Mais pourquoi l'arbitrage ? Pourquoi pas les tribunaux ? se demande le profane tchèque. La presse met en avant la rapidité de la procédure d'arbitrage et donc l'avantage par rapport au tribunaux. Autant de choses à savoir et d'autres pour qui voudrait suivre les arbitrages en perspective : on parle d'Invesmart qui a investi dans l'Union groupe et l'Union banka, de l'agence de voyages Fischer, qui demanderait des dommages pour scandales non fondés, de Frontier Petroleum Services au titre d'investissements dans l'Entreprise d'aviation Kunovice, de Housing & Construction pour l'annulation du marché de la construction de l'autoroute D47 d'Ostrava, qui lui était ou ne lui était pas adjugée, de Mediaprint pour l'annulation d'un contrat par des éditeurs de la presse. Autant de dossiers dont nous ne connaissons pas tout à fait le fond.

L'état des forêts en Tchéquie

Avant de terminer ce programme, un mot sur l'état des forêts en République tchèque. On n'en parle jamais assez et Dieu sait combien c'est important. Beaucoup a été fait depuis la chute du communisme. Par exemple, le phosphore dans les émanations des usines est de 90% inférieur à ce qu'il était il y a 12 ans. Mais le terreau des forêts est toujours trop acide. Les forêts ne guérissent pas et l'Etat cherche un nouveau remède. Dans 30 ans, l'état des forêts n'atteindra pas la qualité qui était la leur avant la Seconde guerre mondiale. L'Etat des forêts s'améliore plus lentement que ne l'estimaient les spécialistes au début des années 90.

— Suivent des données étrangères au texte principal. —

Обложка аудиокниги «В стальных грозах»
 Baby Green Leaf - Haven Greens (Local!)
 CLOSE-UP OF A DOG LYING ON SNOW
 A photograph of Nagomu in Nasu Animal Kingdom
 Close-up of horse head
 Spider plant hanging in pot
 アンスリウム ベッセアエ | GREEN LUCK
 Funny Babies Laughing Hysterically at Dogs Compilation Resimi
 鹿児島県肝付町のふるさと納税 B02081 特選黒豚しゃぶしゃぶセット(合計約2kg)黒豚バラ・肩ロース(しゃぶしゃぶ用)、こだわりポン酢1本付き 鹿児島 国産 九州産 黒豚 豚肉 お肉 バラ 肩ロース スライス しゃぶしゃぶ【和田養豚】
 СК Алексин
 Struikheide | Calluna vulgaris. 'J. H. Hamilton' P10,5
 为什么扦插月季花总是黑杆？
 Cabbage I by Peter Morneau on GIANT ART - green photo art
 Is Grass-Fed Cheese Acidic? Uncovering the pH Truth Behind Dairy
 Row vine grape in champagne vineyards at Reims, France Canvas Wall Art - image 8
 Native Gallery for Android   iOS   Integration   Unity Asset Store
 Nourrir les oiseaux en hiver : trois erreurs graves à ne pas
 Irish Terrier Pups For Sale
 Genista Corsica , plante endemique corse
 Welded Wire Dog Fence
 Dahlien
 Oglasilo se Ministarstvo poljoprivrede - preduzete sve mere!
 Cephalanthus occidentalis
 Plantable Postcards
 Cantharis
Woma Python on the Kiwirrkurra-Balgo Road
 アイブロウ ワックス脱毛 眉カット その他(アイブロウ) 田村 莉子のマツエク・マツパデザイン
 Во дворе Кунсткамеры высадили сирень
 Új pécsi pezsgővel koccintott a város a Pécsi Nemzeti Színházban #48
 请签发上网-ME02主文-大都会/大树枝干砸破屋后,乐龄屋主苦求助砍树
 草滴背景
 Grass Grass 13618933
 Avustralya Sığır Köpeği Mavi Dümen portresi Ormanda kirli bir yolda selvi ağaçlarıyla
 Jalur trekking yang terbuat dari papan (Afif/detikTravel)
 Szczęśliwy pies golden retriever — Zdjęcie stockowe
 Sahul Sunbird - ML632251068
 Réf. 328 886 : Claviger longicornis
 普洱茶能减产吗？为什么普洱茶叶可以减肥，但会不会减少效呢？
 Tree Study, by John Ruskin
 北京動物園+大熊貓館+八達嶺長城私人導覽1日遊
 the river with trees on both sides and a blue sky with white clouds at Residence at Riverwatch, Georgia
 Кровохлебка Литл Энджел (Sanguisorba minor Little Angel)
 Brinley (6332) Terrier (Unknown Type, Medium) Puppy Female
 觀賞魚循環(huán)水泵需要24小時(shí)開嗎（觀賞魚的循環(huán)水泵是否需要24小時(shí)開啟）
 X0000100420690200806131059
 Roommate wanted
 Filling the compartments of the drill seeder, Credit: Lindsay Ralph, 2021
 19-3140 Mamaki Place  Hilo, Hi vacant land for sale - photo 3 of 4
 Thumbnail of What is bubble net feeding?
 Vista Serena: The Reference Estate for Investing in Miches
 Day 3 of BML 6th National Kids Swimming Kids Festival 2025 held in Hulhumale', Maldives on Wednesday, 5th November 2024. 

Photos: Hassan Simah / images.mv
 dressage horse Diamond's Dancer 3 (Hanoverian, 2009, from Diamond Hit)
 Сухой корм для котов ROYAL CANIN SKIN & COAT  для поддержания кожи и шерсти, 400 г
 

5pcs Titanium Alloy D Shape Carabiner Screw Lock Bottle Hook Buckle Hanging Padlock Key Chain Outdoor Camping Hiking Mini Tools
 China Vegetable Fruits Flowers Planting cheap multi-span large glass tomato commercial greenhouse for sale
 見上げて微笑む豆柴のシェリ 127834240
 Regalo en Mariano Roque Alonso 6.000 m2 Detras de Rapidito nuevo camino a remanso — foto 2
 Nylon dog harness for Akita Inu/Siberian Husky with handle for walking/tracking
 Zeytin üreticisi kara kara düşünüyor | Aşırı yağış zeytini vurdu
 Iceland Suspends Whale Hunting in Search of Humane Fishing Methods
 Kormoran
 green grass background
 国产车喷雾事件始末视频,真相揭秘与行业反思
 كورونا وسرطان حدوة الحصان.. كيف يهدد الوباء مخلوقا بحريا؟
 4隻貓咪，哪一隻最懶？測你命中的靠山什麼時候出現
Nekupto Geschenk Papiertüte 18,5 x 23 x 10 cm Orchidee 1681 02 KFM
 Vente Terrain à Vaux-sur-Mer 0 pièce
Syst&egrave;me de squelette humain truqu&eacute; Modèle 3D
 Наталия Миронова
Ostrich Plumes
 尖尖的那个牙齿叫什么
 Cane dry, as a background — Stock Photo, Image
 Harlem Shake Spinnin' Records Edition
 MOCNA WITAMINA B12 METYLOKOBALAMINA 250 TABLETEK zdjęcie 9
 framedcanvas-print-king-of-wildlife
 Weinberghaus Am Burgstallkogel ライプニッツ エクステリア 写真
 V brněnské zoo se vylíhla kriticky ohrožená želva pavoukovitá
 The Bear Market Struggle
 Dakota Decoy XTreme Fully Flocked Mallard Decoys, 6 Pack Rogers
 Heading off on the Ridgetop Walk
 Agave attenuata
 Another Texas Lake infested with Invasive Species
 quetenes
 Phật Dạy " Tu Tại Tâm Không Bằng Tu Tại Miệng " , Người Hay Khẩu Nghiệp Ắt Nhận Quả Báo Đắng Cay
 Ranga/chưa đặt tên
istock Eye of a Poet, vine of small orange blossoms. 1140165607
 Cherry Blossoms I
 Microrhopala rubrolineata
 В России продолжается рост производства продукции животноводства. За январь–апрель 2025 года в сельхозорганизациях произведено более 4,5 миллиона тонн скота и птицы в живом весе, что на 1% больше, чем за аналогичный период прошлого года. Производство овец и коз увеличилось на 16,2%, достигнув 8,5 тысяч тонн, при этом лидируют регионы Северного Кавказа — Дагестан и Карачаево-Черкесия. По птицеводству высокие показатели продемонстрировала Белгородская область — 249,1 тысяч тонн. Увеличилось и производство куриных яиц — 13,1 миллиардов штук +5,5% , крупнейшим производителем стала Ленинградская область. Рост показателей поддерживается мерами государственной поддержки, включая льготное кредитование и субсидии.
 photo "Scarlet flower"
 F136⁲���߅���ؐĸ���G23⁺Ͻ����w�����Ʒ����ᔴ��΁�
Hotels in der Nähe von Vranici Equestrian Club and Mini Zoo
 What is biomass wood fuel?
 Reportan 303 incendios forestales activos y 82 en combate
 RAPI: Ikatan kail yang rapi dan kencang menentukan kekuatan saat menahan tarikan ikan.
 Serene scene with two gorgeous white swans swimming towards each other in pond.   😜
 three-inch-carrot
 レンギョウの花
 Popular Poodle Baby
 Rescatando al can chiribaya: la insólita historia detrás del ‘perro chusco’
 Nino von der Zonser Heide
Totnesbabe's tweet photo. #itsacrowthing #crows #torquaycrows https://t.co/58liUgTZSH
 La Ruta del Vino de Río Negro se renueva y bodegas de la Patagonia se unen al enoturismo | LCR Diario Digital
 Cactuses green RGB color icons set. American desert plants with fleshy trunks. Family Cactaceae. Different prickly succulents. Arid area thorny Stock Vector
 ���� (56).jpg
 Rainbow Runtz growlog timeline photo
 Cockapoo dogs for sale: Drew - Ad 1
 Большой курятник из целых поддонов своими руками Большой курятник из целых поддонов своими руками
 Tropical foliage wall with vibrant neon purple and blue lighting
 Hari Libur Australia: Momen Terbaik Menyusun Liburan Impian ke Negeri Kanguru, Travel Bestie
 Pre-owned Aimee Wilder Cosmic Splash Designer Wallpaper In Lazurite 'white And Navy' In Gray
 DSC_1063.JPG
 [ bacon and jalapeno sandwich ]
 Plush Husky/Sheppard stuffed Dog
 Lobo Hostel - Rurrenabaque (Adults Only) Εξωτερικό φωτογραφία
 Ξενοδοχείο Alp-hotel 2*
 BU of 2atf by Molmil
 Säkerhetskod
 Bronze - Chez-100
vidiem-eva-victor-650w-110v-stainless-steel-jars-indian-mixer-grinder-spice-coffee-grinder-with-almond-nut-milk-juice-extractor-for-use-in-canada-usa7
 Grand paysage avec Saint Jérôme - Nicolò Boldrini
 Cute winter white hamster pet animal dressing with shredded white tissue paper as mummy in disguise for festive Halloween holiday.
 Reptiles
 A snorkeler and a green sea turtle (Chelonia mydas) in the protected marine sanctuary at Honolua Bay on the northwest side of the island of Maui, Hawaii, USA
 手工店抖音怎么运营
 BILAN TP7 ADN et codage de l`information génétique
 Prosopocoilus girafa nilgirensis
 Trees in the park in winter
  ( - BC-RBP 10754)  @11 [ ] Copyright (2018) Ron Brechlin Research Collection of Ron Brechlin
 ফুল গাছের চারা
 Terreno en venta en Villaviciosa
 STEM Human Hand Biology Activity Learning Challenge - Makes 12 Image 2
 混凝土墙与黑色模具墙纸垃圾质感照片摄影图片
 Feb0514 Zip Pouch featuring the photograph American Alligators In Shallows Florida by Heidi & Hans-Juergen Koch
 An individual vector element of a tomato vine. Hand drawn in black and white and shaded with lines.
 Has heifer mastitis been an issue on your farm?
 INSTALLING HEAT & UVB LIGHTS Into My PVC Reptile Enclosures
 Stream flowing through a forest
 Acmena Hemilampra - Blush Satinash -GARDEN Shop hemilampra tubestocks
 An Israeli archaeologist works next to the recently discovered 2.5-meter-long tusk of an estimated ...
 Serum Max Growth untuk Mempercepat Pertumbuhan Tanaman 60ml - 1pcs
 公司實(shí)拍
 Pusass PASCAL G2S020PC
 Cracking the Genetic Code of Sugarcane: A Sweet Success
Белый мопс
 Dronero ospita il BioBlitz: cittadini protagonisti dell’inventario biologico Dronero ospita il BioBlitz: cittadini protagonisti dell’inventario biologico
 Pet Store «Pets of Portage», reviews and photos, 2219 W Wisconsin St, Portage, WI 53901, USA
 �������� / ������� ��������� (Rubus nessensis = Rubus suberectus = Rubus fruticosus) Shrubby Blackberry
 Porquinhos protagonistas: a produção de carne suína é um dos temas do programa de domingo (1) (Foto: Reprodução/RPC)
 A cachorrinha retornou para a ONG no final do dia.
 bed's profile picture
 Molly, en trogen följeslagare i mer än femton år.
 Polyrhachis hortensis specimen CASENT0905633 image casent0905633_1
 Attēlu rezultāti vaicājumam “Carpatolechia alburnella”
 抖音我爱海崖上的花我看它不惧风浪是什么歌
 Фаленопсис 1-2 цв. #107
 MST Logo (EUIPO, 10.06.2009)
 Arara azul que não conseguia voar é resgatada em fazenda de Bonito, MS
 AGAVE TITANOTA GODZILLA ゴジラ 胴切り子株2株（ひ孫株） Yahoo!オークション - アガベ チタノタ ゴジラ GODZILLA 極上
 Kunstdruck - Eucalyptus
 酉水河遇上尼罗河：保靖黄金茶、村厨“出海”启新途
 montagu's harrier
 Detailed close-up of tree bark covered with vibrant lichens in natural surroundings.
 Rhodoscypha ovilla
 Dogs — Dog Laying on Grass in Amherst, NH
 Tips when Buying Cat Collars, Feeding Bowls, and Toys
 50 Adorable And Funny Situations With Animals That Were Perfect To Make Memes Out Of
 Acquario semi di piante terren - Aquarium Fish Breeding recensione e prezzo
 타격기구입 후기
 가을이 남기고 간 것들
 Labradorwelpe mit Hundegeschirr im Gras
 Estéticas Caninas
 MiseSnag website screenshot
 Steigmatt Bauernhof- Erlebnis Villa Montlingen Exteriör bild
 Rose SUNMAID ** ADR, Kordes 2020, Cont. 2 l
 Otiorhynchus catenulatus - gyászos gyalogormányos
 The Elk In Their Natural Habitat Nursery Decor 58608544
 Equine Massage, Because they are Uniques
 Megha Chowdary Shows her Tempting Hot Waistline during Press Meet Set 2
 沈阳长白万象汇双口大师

Les rapports et expertises actuelles, notamment du Ministère de l'Environnement, démontrent qu'en raison des dommages causés au cours des décennies passées, les forêts tchèques sont toujours parmi les plus endommagées en Europe. On cite les sommets des monts Métallifères, Jizerské et Orlické, les Monts des Géants (Krkonose) et une partie des monts Jesenik. Leurs terres sont toujours contaminées par des produits chimiques venant des pluies acides. Le géochimiste Jakub Hruska, de l'Institut géologique tchèque, dit que c'est justement la terre qui empêche, surtout dans les montagnes, l'assainissement de la forêt. Depuis des décennies, la terre est trop acide et contient le minimum de minéraux dont les arbres ont besoin. En revanche, elle contient beaucoup de matières qui nuisent surtout à l'épicéa, l'arbre le plus répandu dans les montagnes.

Sur demande du gouvernement, les Ministères de l'Environnement et de l'Agriculture étudient depuis deux ans comment aider les forêts d'une manière plus efficace. Ils doivent présenter au cabinet un recueil des mesures qui aideraient au renouvellement de la terre plus rapidement. Parmi les projets, il y a, par exemple, une légère calcification ou épandage des engrais. Les spécialistes conseillent également de planter les arbres feuillus qui sont plus résistants que les conifères. Pourquoi l'administration n'a commencé à s'occuper des forêts que ces dernières années ? « Ils s'attendaient à ce que la chute rapide des émissions de phosphore améliore l'état des forêts, mais cela s'est avéré faux », explique Tomas Stanek du Ministère de l'environnement.